Sir Edward Seymour, 6th Baronet had inherited the dukedom from a distant cousin in 1750, and thus the house became the seat of the Dukes of Somerset (although for part of the 19th century they made Stover House, Devon, their principal seat). Edward further enlarged the house after 1750.

Much of the house was demolished in 1821–2, leaving only the west wing which was altered and forms the present house, which stands just north-east of the 12th-century parish church. Built in rendered limestone, the 18th-century part (originally just one room deep) has two floors and an attic; it was lengthened from five bays to eight sometime after 1822, and in the same century a rear range and service wing were added. The ground floor windows have pediments, and above the stone cornice a balustraded parapet was added at some point. A bay behind the left end was probably added in 1887, and the central porch – arched and pedimented – is also Victorian. Reception rooms have marble chimney-pieces from the late 18th century, moved from elsewhere and described as "fine" by Orbach.

=== Present day ===
Bradley House remains the home of the Duke of Somerset. Tours are available by prior appointment, and the ground floor and Coach House are marketed as a venue for weddings and other functions.

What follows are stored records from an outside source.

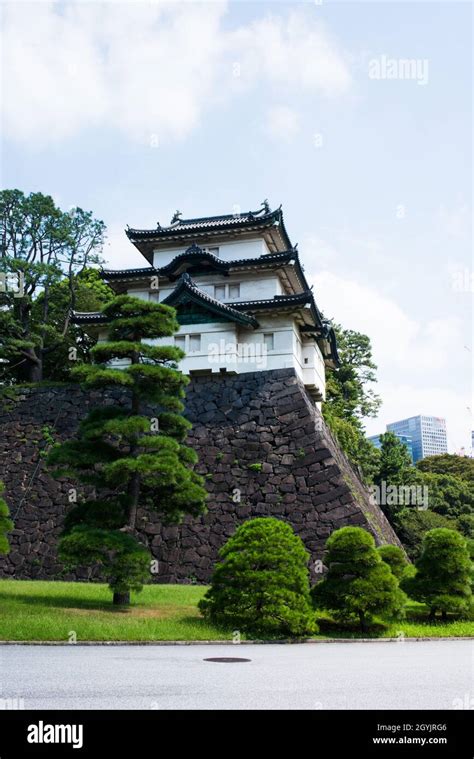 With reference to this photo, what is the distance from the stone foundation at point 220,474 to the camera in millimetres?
19812

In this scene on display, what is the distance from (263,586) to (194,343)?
46.7 ft

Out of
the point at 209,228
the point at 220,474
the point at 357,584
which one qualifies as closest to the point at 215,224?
the point at 209,228

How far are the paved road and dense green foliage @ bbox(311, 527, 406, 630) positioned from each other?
1819mm

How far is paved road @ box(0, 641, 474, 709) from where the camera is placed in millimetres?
5875

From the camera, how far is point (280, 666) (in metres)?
8.41

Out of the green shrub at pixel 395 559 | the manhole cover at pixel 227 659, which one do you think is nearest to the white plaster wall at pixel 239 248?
the green shrub at pixel 395 559

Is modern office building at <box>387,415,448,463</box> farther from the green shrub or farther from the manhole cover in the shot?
the manhole cover

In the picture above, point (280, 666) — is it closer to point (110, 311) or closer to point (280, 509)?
point (110, 311)

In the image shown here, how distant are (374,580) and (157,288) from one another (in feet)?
60.8

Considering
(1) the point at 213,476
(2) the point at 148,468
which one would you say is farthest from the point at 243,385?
(2) the point at 148,468

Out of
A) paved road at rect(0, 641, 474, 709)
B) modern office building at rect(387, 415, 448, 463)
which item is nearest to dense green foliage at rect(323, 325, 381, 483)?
paved road at rect(0, 641, 474, 709)

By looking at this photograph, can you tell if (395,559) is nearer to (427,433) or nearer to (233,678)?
(233,678)

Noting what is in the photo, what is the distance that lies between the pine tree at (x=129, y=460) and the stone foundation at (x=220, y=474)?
5336 mm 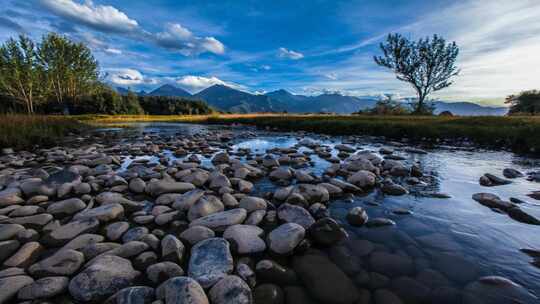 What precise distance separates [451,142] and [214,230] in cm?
1559

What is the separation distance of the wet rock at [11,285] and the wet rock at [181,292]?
1.26m

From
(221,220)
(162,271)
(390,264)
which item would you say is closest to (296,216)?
(221,220)

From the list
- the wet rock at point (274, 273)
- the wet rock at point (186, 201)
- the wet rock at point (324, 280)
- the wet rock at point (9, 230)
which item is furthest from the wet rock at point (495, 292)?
the wet rock at point (9, 230)

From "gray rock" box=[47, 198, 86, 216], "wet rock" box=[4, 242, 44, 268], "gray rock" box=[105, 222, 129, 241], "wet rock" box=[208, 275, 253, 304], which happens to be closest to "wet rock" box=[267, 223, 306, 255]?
"wet rock" box=[208, 275, 253, 304]

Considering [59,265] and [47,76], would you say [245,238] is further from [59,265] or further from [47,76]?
[47,76]

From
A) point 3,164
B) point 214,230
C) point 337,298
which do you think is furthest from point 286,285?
point 3,164

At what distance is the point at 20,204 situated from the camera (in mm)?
3963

== Seymour family tombs ==
The Grade I listed All Saints' Church, just south-west of the house, is the principal burial place of the Dukes of Somerset. The church and the family cemetery are connected to the grounds of Bradley House by private access. Members of the Seymour family buried at the church include:

- Sir Edward Seymour, 4th Baronet
- Edward Seymour, 8th Duke of Somerset
- Edward Seymour, 9th Duke of Somerset
- Webb Seymour, 10th Duke of Somerset
- Archibald Seymour, 13th Duke of Somerset
- Edward Seymour, 16th Duke of Somerset
- Evelyn Seymour, 17th Duke of Somerset
- Percy Seymour, 18th Duke of Somerset

Algernon Seymour, 15th Duke of Somerset, and his wife Susan Seymour, are buried on Brimble Hill Clump near Bradley House. Their graves are in a little wood on a hilltop surrounded by agricultural land, with a metal fence around them, and marked by standing rough stones with small text plaques.